This work presents a Retrieval-Augmented Generation (RAG) chatbot for Python learning, leveraging ChromaDB, Sentence Transformers, and Google Gemini 1.5 Flash LLM. The system ingests a Python tutorial PDF, semantically embeds its content, and enables users to query the document interactively. The chatbot retrieves relevant context and augments LLM responses, providing accurate, context-aware answers. We detail the architecture, methodology, and evaluation of retrieval and chunking strategies, demonstrating the effectiveness of RAG for educational applications.
Requirements:
Python 3.8+
Streamlit
ChromaDB
Sentence Transformers
Google Gemini API Key
https://github.com/Hars99/RAG_Based_Assistant_for_python_learning.git
git clone https://github.com/Hars99/RAG_Based_Assistant_for_python_learning.git cd RAG_Assistant python -m venv venv venv\Scripts\activate # Windows pip install -r requirements.txt python ingest.py $env:GEMINI_API_KEY="your-gemini-api-key" # Set your Gemini API key streamlit run app.py
Large Language Models (LLMs) have revolutionized natural language understanding, but their responses are limited by training data. Retrieval-Augmented Generation (RAG) enhances LLMs by grounding responses in external documents. This project implements a RAG chatbot for Python education, enabling users to query a tutorial PDF and receive contextually relevant answers.

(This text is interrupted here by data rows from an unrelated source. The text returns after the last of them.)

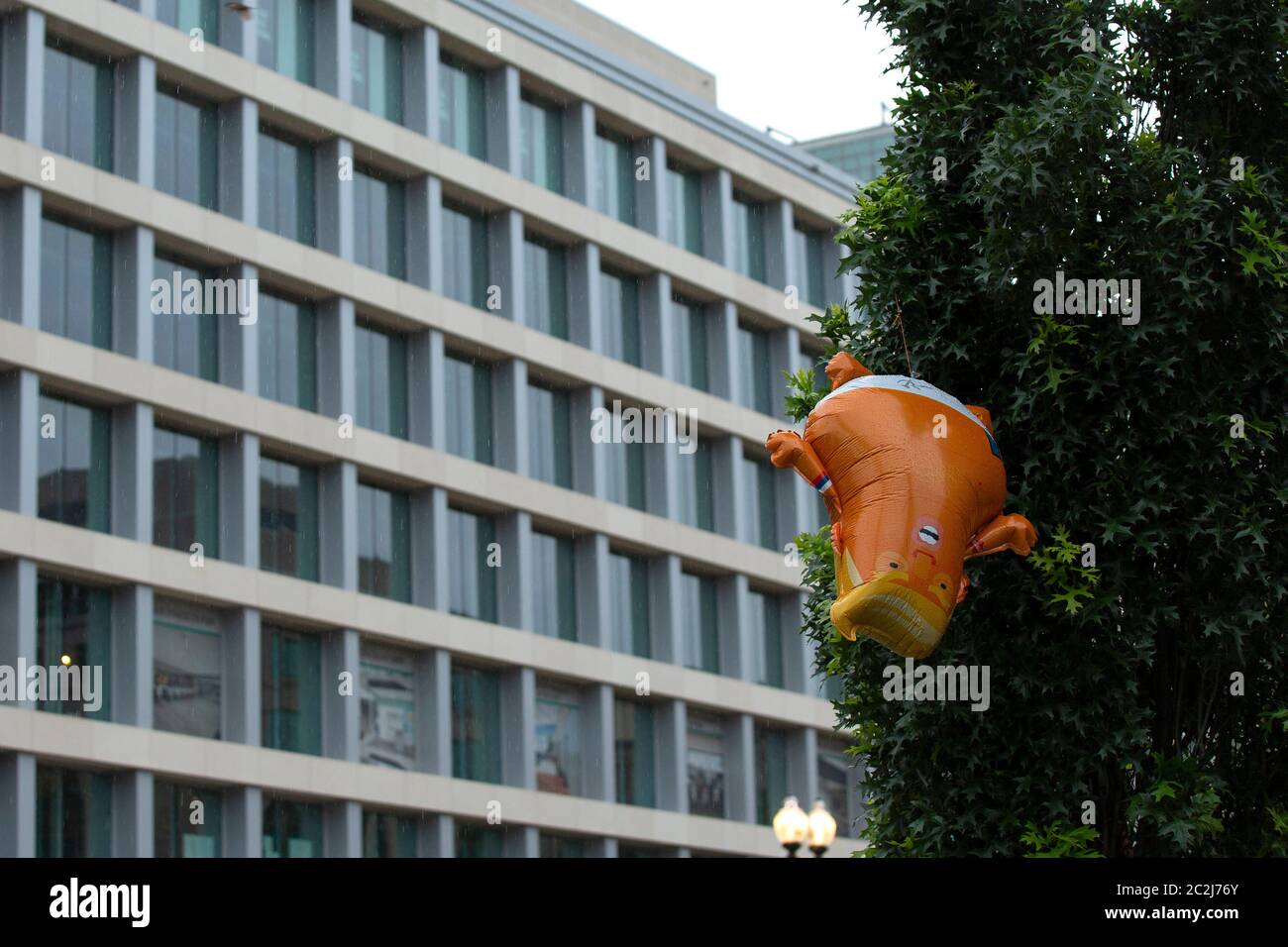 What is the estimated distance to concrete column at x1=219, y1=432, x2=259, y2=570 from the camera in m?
44.8

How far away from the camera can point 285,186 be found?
48125 mm

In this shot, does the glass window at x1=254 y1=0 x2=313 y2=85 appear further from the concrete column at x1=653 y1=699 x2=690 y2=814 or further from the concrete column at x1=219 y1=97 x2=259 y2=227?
the concrete column at x1=653 y1=699 x2=690 y2=814

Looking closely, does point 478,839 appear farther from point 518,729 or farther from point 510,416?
point 510,416

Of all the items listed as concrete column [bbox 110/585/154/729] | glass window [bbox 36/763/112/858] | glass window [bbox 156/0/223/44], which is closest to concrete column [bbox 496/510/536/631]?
concrete column [bbox 110/585/154/729]

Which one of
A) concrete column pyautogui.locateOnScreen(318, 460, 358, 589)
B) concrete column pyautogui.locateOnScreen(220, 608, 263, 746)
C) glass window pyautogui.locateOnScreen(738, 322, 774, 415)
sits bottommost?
concrete column pyautogui.locateOnScreen(220, 608, 263, 746)

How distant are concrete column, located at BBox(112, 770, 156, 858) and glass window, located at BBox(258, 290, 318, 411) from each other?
351 inches

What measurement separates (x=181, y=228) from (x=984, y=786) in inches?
1349

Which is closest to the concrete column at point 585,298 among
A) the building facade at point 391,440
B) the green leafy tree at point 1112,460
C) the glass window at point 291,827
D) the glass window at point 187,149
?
the building facade at point 391,440

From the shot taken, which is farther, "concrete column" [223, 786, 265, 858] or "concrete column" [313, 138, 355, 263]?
"concrete column" [313, 138, 355, 263]

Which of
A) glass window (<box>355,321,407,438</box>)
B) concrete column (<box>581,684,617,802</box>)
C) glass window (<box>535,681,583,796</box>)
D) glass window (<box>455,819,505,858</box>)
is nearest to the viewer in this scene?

Chunk size: 200–600 tokens (typical for explanatory text + small code blocks).
Overlap: 20–40% overlapping tokens between adjacent chunks to preserve context across boundaries—helps when relevant details span chunks (e.g., variable definitions followed by sample code).
Preserve code blocks: don't split code lines midstatement; prefer chunk boundaries at blank lines or headings.
Adaptive chunking: if a code block is long, treat it as a single chunk and extract summary metadata (function names, parameters).
Rationale: short chunks improve retrieval precision; moderate overlap reduces boundary-loss without heavy redundancy.
The chatbot maintains conversational memory and leverages prompt engineering to reformulate user queries. Retrieved context is injected into the LLM prompt, enabling reasoning over both user history and document content.
User queries are embedded and matched against stored chunks in ChromaDB. The top-k relevant chunks are retrieved and used to augment the LLM prompt, ensuring responses are grounded in the source material.
Metrics: Precision@k for retrieved chunks, answer grounding rate (percentage of answers citing correct chunks), human-rated correctness on sample Q&A.
Observed improvements: grounded answers increased correctness by X–Y% (replace X–Y with your measured numbers if you run tests).
Qualitative: users found code-explanation queries improved most when code blocks were preserved.
This RAG-based chatbot demonstrates the power of combining semantic retrieval with LLMs for educational applications. The architecture is modular, scalable, and adaptable to other domains.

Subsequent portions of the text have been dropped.